On Thursday, October 20, 2016 at 12:44:26 AM UTC+8, adon...@google.com 
wrote:
>
> On Wednesday, 19 October 2016 06:33:09 UTC-4, Jan Mercl wrote:
>>
>> On Wed, Oct 19, 2016 at 12:27 PM T L <tapi...@gmail.com> wrote:
>>
>> Nothing. The language specification does not mention it.
>>
>> People use that term based on definitions specified for other programming 
>> languages, but those are not always equal to each other.
>>
>
> Jan is write that the term does not appear in the spec, but I think it's 
> possible to come up with a useful definition of a reference type that 
> applies to all ALGOL-like languages: a reference type is one whose values 
> indirectly refer to mutable state.  So, pointers are obviously references, 
> as are slices, maps, and channels.  But a string is not a reference 
> because, although internally it contains a pointer, you cannot mutate the 
> array of bytes to which it refers.  Functions may be references, because a 
> closure may refer to lexically enclosing variables.  Structs and arrays are 
> references if their elements contain references.  An interface value is a 
> reference if its payload contains a references.
>
> The essence of a reference is that copying one creates a new alias for its 
> underlying state, and changes made via one alias are visible to all others. 

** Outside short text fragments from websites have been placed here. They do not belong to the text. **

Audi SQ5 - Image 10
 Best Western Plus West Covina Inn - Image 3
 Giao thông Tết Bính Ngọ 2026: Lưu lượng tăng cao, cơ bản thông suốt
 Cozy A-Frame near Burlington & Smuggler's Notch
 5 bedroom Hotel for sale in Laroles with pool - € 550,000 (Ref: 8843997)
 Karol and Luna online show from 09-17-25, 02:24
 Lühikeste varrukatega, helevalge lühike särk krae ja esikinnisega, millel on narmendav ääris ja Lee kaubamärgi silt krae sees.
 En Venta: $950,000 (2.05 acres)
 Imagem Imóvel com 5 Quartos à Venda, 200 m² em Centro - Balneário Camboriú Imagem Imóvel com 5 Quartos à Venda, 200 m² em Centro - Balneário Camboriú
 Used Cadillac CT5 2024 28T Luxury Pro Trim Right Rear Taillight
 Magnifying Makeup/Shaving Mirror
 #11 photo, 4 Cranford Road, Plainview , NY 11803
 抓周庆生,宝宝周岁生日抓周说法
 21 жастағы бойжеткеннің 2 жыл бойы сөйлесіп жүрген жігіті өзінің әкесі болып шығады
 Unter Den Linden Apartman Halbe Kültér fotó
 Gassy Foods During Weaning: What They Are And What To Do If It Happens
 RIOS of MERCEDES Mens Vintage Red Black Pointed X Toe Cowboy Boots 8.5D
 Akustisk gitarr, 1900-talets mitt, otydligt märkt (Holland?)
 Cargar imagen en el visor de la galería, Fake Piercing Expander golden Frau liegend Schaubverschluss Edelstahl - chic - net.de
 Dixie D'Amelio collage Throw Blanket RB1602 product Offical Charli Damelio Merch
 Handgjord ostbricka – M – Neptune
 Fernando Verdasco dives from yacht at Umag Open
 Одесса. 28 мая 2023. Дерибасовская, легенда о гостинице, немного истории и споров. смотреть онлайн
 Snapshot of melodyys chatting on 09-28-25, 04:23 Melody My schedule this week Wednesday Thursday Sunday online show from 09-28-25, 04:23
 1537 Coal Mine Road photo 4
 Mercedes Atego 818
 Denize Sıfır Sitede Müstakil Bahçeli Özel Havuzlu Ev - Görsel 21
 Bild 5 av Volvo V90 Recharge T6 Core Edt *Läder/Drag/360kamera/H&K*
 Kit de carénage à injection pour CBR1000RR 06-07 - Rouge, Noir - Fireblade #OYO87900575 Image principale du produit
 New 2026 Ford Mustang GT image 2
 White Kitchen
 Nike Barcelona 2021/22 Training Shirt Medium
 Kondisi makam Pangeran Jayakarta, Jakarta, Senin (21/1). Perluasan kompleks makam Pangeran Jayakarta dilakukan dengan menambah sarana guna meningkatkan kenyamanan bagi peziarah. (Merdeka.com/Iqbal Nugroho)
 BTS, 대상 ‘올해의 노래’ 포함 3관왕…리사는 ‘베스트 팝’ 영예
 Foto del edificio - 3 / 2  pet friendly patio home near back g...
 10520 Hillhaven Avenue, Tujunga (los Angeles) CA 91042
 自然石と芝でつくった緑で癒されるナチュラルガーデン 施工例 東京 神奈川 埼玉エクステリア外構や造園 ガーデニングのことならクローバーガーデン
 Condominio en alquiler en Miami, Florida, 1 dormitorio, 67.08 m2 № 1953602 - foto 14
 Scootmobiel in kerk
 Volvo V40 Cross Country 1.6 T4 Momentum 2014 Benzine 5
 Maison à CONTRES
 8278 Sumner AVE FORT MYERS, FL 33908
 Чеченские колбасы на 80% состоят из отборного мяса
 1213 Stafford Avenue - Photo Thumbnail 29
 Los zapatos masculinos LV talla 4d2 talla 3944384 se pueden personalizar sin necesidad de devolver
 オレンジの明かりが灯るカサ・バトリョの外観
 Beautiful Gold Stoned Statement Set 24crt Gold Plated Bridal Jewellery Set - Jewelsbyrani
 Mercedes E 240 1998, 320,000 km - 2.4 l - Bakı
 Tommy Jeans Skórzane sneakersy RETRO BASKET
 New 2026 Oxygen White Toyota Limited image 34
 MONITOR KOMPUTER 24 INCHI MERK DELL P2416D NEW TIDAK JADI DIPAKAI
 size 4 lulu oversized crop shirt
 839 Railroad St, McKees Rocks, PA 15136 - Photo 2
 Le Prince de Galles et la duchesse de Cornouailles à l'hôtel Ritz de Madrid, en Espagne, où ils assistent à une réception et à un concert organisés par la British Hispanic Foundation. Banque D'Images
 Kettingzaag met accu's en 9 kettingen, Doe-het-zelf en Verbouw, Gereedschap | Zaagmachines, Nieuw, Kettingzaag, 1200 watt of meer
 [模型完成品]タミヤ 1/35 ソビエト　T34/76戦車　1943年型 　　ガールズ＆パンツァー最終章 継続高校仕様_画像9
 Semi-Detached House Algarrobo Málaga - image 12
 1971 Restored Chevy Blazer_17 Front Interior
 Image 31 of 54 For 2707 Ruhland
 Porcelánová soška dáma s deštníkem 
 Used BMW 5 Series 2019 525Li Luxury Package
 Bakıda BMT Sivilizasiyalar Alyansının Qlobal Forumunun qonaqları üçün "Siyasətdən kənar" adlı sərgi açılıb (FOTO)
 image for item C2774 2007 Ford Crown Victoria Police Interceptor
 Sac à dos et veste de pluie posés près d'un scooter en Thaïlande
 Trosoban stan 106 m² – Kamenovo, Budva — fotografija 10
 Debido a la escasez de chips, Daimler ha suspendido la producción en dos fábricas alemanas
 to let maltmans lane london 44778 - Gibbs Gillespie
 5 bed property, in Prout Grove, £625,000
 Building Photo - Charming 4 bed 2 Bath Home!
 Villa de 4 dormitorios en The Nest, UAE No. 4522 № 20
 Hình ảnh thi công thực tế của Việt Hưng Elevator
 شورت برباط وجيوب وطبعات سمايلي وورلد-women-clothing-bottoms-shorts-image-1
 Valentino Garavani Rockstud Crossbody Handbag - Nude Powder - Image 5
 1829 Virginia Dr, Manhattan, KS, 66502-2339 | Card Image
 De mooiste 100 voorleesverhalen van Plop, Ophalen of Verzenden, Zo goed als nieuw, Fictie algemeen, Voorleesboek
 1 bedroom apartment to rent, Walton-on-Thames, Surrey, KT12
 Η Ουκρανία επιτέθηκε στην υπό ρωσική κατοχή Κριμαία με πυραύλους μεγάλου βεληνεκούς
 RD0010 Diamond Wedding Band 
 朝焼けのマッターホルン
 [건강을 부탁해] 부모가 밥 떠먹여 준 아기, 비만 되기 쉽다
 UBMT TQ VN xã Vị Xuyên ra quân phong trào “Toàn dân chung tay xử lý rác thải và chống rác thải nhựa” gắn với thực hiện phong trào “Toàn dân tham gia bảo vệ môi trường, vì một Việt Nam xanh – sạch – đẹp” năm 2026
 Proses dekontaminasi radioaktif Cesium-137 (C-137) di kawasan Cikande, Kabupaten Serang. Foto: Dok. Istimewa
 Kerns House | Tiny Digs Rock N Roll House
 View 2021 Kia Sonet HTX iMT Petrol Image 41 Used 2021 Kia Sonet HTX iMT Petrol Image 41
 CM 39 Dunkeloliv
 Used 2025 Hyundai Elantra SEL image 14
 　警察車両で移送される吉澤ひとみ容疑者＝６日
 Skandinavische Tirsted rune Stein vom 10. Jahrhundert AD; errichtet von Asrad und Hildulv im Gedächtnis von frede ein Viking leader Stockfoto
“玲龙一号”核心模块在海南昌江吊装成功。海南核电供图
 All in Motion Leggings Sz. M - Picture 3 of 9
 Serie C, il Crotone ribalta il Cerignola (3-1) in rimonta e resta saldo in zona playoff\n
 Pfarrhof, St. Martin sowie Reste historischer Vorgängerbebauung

>  This definition is not absolute: a pointer to an immutable data structure, 
> for example, can be considered to have "value" (non-reference) semantics 
> since although it points to a variable, that variable can never be changed.
>
>
So reference values must be pointer related? Reference values can be direct 
pointer values or pointer wrapper values, people can modify the values 
pointed by the pointers directly or indirectly (through the methods or 
other mechanisms exposed on the reference value identifier)?